This financing will be used, according to Tupolev, for bench testing the NK-89 and subsequently installing it on the Tu-155, replacing the NK-89 predecessor, the NK-88, so changing it to the Tu-156. The latter, originally planned in M1 and M2 configuration, being solely powered by LNG.
Tupolev sources indicated that the programme was scheduled to last until 2005 and would be funded to the tune of Rb200m - 70% funded by the Russian Aerospace Agency (RAKA), with the remaining 30% provided by OAO Tupolev and Dvigateli NK (named after Kuznetsov, the engine's designer).
The Tupolev cryogenic programme has been in existence for sometime, with the original Tu-155 with NK-88s flying for the first time in the late 1980s. Unfortunately the projected completion date of 1998 for the Tu-156 slipped with the announcement, in February 1999, that the aircraft could be expected to fly early in 2001.

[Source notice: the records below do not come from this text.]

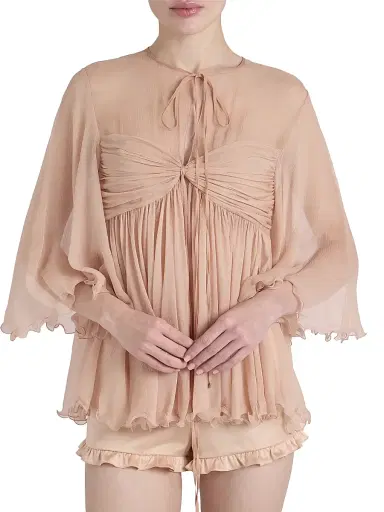 Chloé Women's Gathered Silk Georgette Blouse - Tender Peach | Thumbnail 7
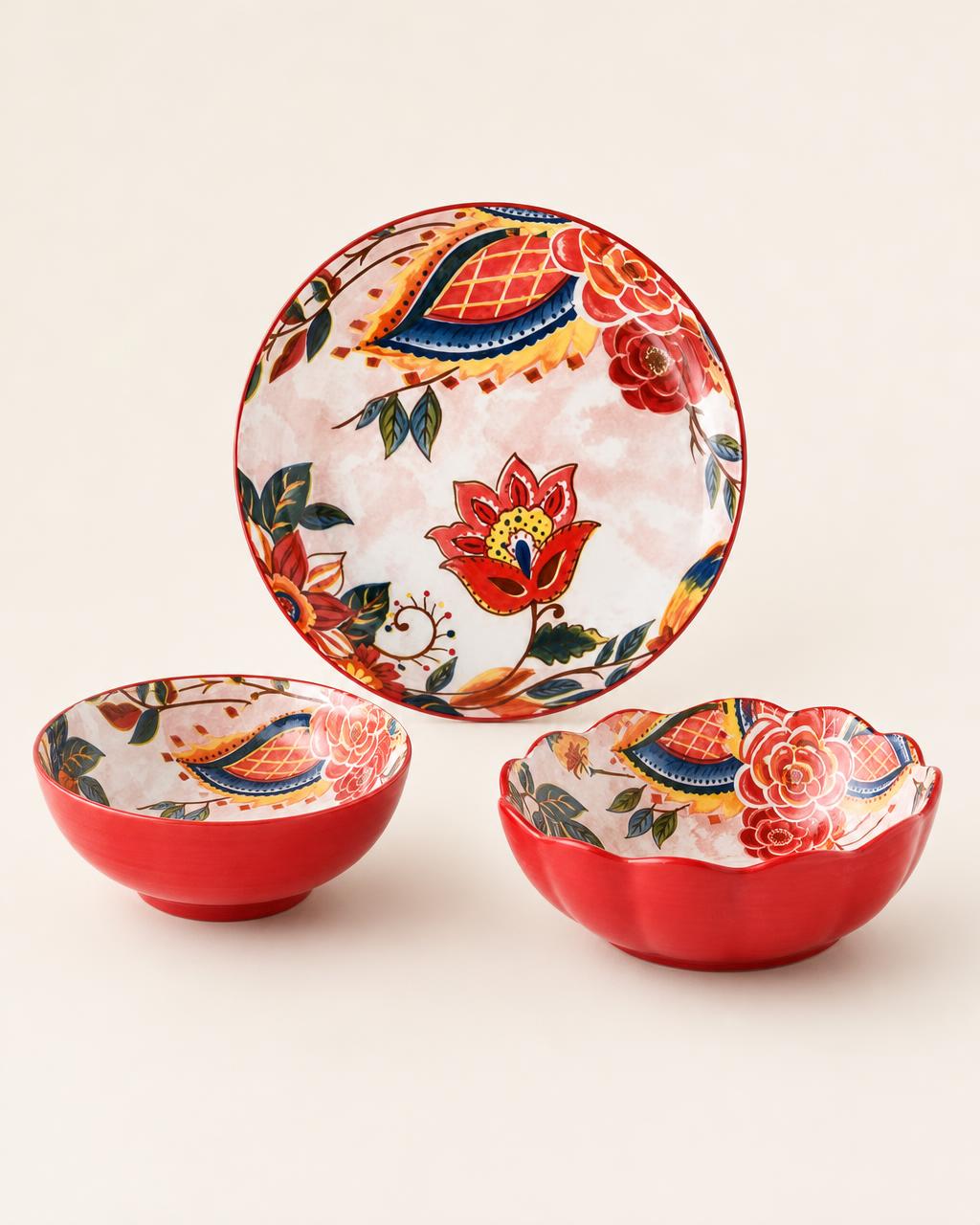 Tazones de cerámica pintados estilo japonés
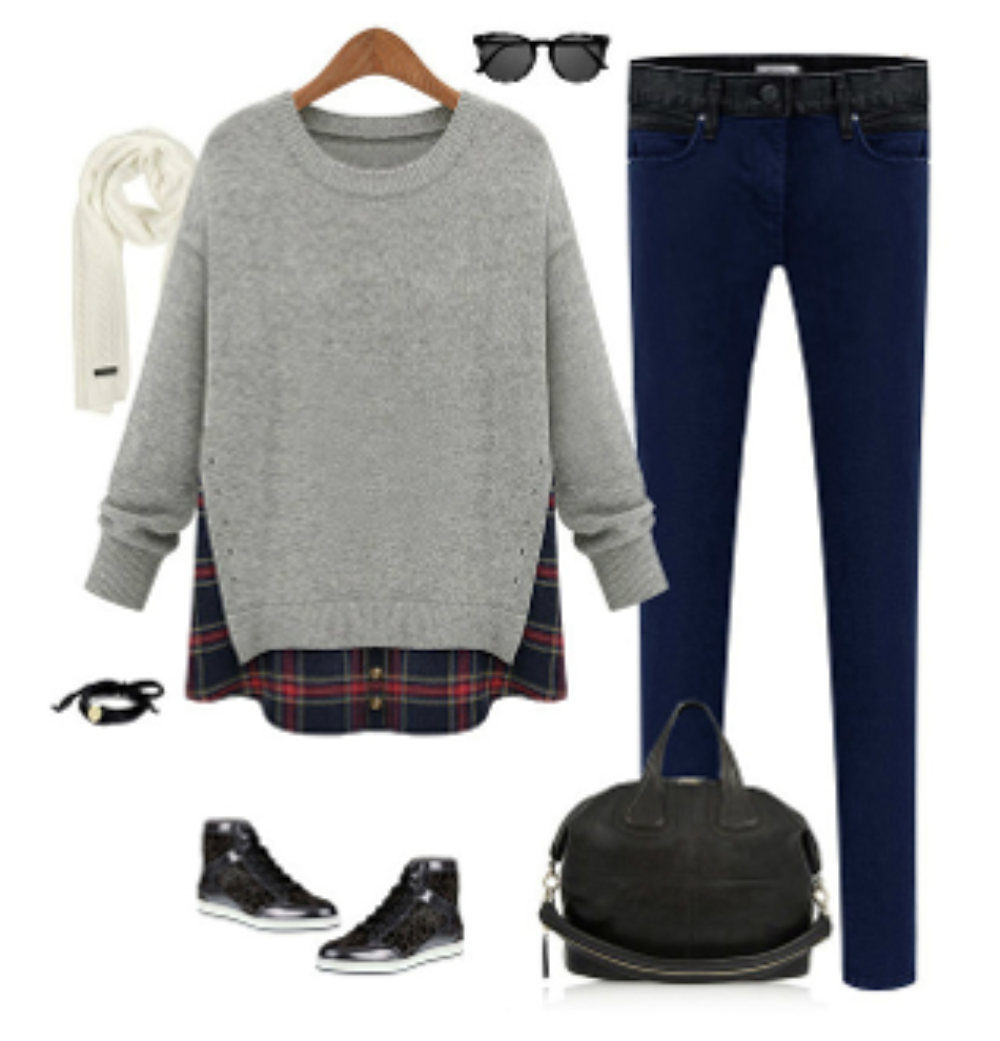 Women's Layered Sweatshirt featuring a stylish plaid back and comfortable cotton blend material in dark gray and light gray colors.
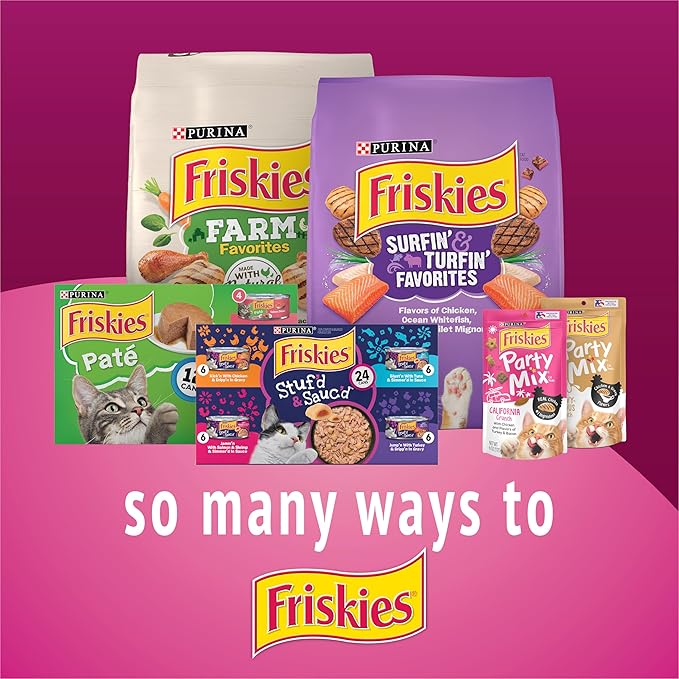 Purina Friskies Playfuls With Salmon and Shrimp Flavor Cat Treats - (Pack of 10) 2.1 oz. Pouches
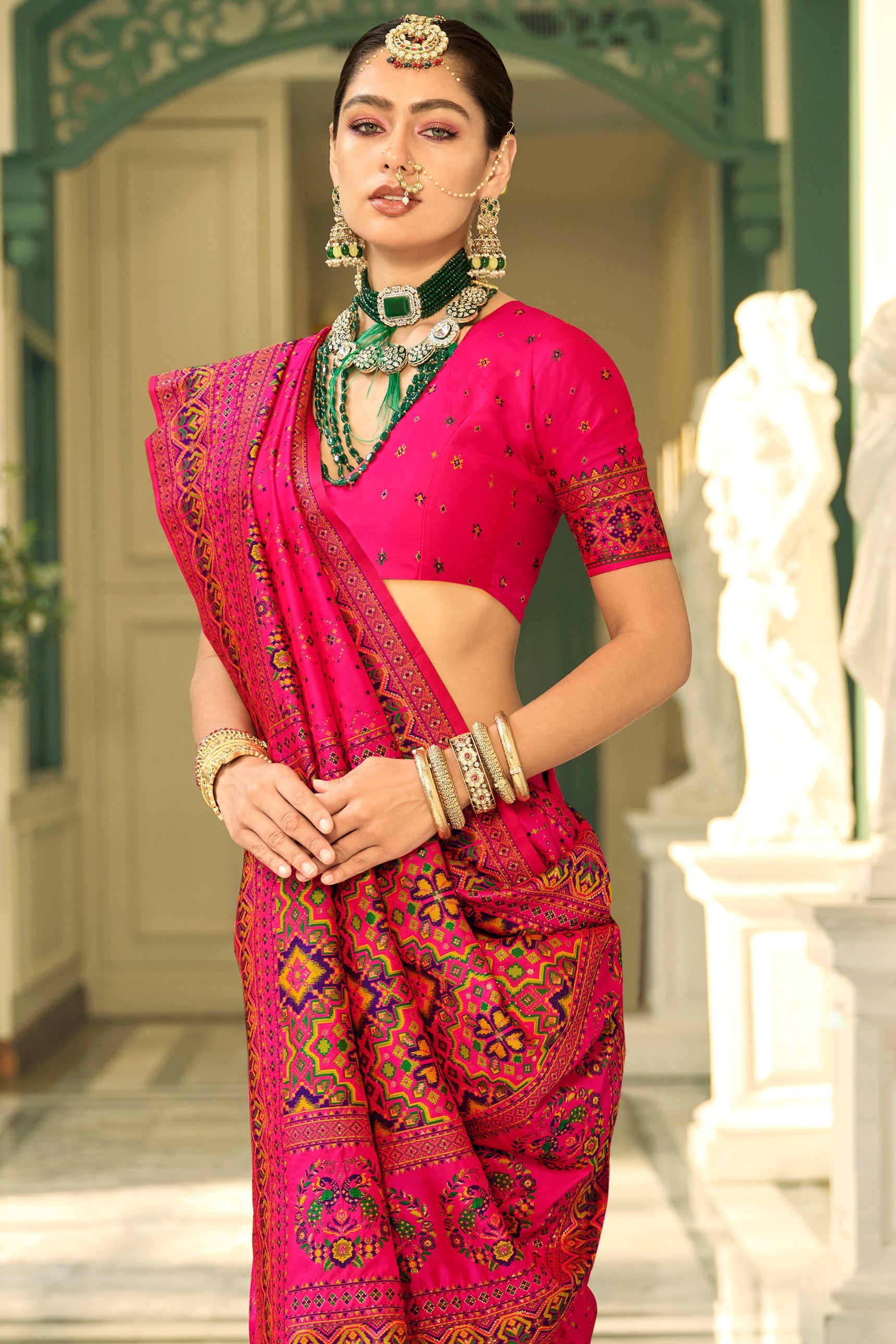 Pink Woven Silk Saree-ZB133666_2_SareeButa.com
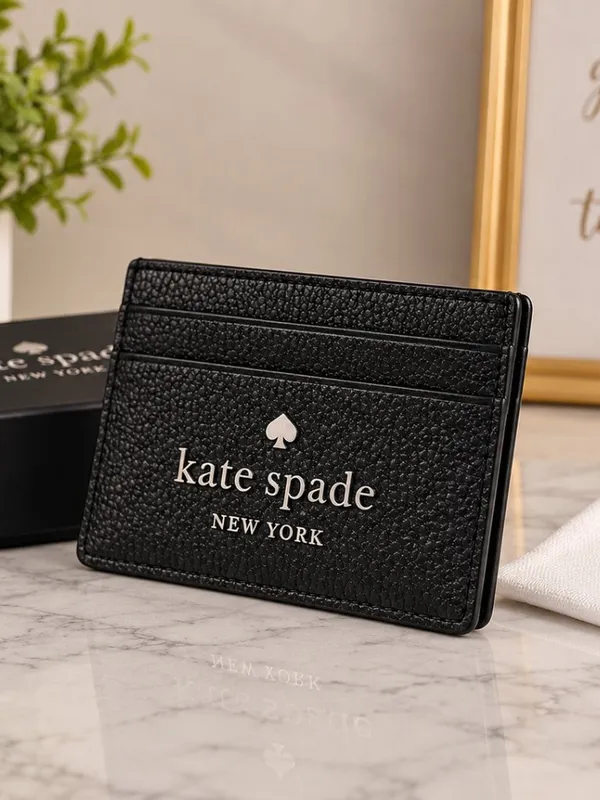 Kate Spade New York Black Pebbled Leather Card Holder 7 Slots NWT - Image 3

The programme's primary provider of finance, historically, has been gas giant Gazprom, spurred on by the belief that an LNG-powered aircraft could take advantage of the plentiful supplies of the fuel source in certain areas where aviation fuel was either in short supply or too expensive. It seems however, on the back of recent reports that Gazprom has withdrawn after a reportedly substantial investment, which in the first half of 1998 was believed to be $14m.
For Tupolev, widely accepted as leader in this field, the number of aircraft applications for the technology appear limitless, with a number of versions of the gas-powered aircraft under discussion, including a gas-powered Tu-204, called the Tu-206, using a derivative of the PS-90 (the PS-92).